Dual space of product of Hilbert spaces What can we say about the dual space of the product of Hilbert spaces? Suppose $V = A \times B$ and the inner product of two vectors in this space is the obvious one (add the two separate inner products). Then is $V^* = A^*\times B^*$ and is $\langle f, u \rangle = \langle f_1, u_1 \rangle + \langle f_2, u_2\rangle$?
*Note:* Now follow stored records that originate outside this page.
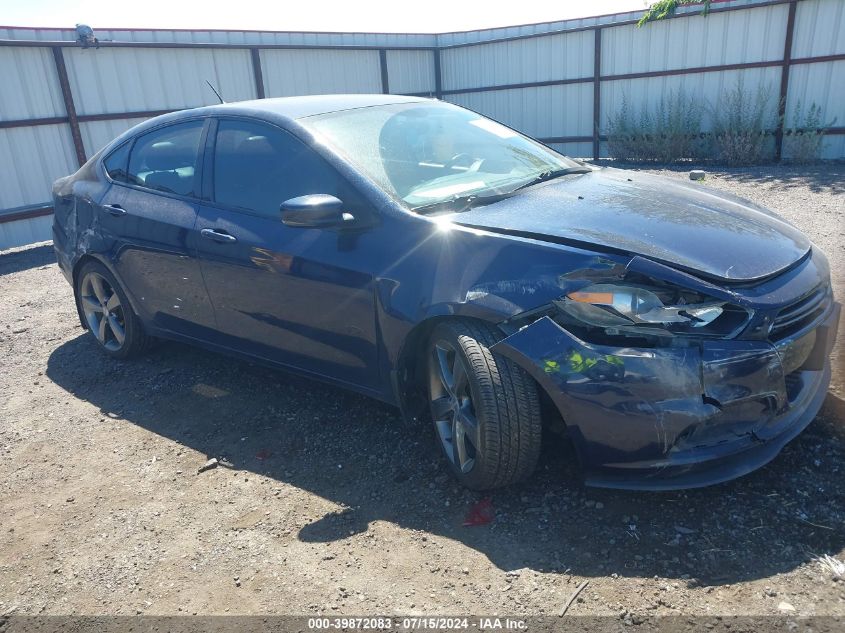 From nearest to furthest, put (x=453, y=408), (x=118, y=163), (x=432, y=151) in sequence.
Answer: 1. (x=453, y=408)
2. (x=432, y=151)
3. (x=118, y=163)

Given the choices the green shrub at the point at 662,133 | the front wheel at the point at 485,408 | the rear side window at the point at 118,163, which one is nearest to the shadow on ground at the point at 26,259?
the rear side window at the point at 118,163

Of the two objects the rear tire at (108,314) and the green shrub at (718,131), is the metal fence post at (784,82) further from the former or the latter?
the rear tire at (108,314)

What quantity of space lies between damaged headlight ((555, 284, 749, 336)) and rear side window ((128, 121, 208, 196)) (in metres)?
2.54

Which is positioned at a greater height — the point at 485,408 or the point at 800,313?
the point at 800,313

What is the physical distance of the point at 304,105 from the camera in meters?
4.01

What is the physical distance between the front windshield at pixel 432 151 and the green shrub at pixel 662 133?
10439 millimetres

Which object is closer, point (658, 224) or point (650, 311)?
point (650, 311)

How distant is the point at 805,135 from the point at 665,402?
457 inches

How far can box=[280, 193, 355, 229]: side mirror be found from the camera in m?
3.11

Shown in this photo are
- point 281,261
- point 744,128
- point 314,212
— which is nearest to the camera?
point 314,212

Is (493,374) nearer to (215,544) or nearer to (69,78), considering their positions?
(215,544)

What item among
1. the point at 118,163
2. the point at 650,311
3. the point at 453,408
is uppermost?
the point at 118,163

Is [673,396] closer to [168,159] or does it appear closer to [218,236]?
[218,236]

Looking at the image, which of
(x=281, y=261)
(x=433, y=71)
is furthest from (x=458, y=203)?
(x=433, y=71) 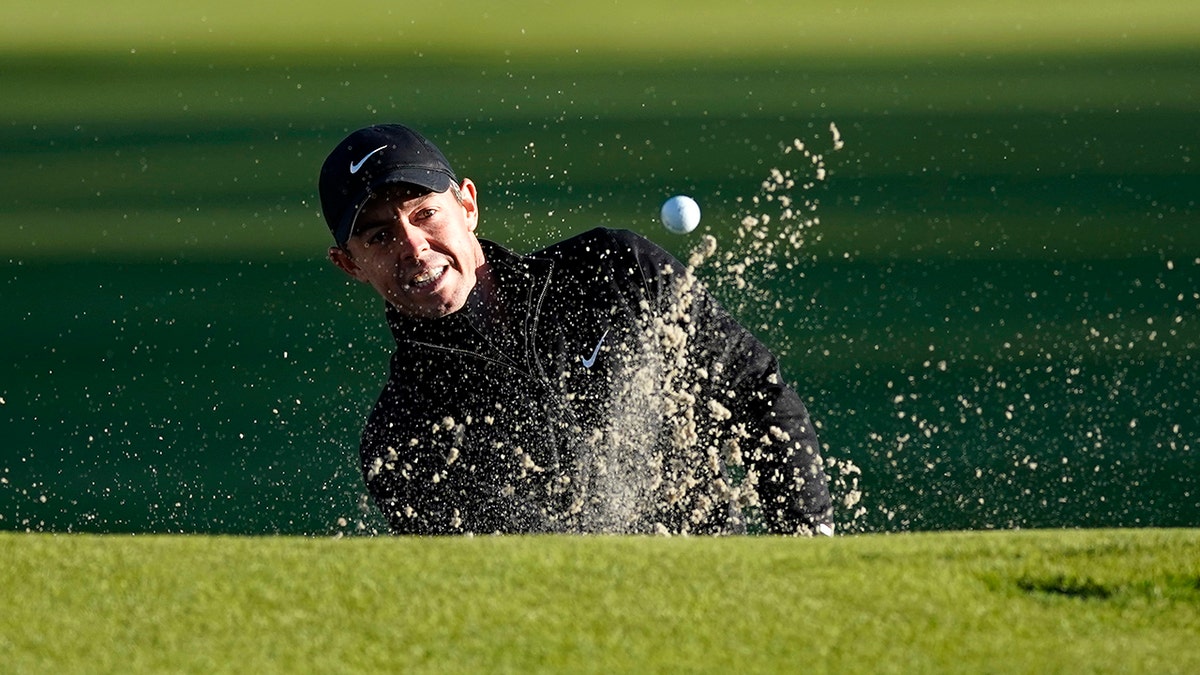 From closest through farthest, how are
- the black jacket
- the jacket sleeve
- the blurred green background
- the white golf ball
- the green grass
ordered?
the green grass
the jacket sleeve
the black jacket
the white golf ball
the blurred green background

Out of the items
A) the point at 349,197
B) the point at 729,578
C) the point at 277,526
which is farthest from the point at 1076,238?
the point at 729,578

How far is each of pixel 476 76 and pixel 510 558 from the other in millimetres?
8292

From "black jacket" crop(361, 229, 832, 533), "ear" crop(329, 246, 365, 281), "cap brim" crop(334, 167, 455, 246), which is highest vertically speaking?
"cap brim" crop(334, 167, 455, 246)

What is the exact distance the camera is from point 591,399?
4219 mm

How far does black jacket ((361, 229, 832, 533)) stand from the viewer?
4.16 m

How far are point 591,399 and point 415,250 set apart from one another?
21.0 inches

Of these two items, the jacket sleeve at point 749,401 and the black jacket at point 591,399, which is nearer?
the jacket sleeve at point 749,401

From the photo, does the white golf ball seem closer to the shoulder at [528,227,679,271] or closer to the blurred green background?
the blurred green background

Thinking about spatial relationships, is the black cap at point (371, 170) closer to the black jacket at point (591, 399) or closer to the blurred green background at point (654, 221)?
the black jacket at point (591, 399)

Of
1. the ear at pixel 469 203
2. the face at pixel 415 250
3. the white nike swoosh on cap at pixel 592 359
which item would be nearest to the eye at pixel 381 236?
the face at pixel 415 250

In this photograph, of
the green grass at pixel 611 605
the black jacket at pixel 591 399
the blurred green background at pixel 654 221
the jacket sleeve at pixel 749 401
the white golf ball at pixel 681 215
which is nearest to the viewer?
the green grass at pixel 611 605

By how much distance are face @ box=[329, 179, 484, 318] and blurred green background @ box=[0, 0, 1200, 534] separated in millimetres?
1355

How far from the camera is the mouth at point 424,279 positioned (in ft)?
13.4

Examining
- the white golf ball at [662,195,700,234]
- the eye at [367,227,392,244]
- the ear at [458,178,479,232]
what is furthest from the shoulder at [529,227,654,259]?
the white golf ball at [662,195,700,234] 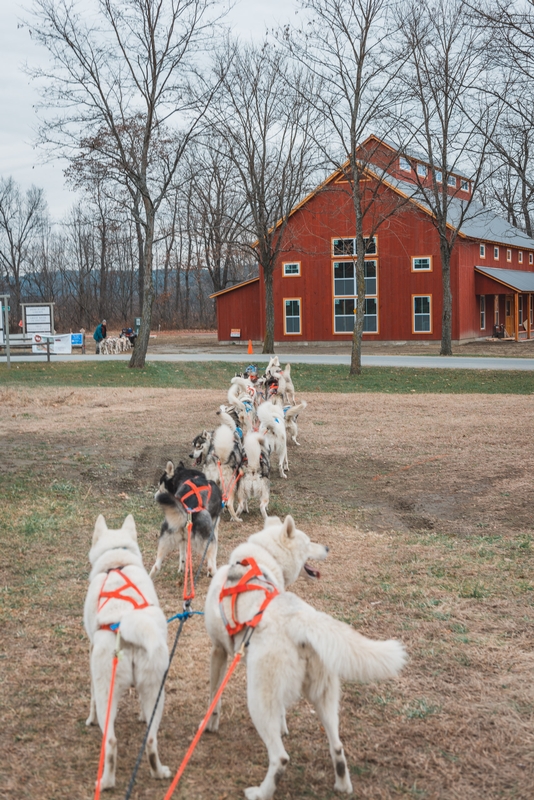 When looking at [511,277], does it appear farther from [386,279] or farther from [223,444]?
[223,444]

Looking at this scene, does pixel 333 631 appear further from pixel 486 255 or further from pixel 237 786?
pixel 486 255

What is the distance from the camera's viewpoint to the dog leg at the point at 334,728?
134 inches

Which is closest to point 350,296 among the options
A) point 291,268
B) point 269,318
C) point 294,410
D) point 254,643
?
point 291,268

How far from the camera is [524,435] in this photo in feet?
42.3

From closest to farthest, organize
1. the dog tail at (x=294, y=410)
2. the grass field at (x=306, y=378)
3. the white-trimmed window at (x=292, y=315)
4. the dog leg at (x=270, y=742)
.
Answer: the dog leg at (x=270, y=742) → the dog tail at (x=294, y=410) → the grass field at (x=306, y=378) → the white-trimmed window at (x=292, y=315)

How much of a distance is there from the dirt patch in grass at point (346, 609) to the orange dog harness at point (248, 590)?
665 millimetres

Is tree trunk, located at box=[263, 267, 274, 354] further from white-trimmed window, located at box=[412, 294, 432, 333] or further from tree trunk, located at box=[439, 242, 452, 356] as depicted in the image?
tree trunk, located at box=[439, 242, 452, 356]

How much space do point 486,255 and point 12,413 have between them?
32.9 m

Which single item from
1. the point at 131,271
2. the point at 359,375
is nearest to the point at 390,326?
the point at 359,375

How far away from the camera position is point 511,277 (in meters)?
42.8

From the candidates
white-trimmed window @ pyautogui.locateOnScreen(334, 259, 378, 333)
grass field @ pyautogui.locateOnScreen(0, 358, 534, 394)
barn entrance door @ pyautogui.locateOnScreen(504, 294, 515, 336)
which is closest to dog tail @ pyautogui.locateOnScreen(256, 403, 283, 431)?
grass field @ pyautogui.locateOnScreen(0, 358, 534, 394)

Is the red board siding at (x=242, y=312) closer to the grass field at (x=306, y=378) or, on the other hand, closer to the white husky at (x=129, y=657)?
the grass field at (x=306, y=378)

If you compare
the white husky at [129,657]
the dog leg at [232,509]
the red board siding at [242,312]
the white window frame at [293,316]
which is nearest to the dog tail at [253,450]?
the dog leg at [232,509]

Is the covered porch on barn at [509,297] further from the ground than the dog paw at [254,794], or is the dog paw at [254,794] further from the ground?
the covered porch on barn at [509,297] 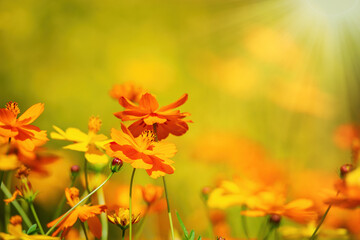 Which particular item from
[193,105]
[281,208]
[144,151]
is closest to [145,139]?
[144,151]

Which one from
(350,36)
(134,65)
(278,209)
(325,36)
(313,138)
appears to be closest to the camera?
(278,209)

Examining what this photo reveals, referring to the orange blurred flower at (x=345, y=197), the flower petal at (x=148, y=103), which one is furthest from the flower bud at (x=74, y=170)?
the orange blurred flower at (x=345, y=197)

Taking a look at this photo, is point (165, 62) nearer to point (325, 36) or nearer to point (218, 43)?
point (218, 43)

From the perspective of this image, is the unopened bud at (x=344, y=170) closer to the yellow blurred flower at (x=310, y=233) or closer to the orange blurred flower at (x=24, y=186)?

 A: Consider $\phi \in V^*$. It means that $\phi: A \times B \to \mathbb{F}$ is a continuous linear functional. As $A \times B \simeq A \oplus B$, we have inclusions $i_A: A \to A \times B, i_B: B \to A \times B$, and composing them with $\phi$ give us two continuous linear functionals $\phi \circ i_A: A \to \mathbb{F}, \phi \circ i_B: B \to \mathbb{F}$. Conversely, given two continuous linear functionals $f: A \to \mathbb{F}, g: B \to \mathbb{F}$, by universal property of a direct sum, these two give us a map $f \oplus g: A \times B \to \mathbb{F}$. Thus every $\phi \in V^*$ gives us a pair of functionals $f \in A^*, g \in B^*$, and every such pair gives us a functional in $V^*$. It's not hard to check that this actually gives us a canonical isomorphism $(A \times B)^* \simeq A^* \times B^*$
In down-to-earth terms, for $u = (u_a, u_b) \in A \times B$, we have $u = (u_a, 0) + (0, u_b)$ (in the earlier terminology, $u = i_A(u_a) + i_B(u_b)$). As $\phi$ is linear, $\phi(u) = \phi((u_a, 0)) + \phi((0, u_b))$. If we define $f: A \to \mathbb{F}$ as $f(a) = \phi((a, 0))$ (in earlier terminology $f = \phi \circ i_A$), and similarly $g: B \to \mathbb{F}$, we see that $\phi(u) = f(u_a) + g(u_b)$. Thus mapping $\phi \mapsto (f, g) = (\phi \circ i_A, \phi \circ i_B)$ gives us map $(A \times B)^* \to A^* \times B^*$. You can easily check that it's linear isomorphism.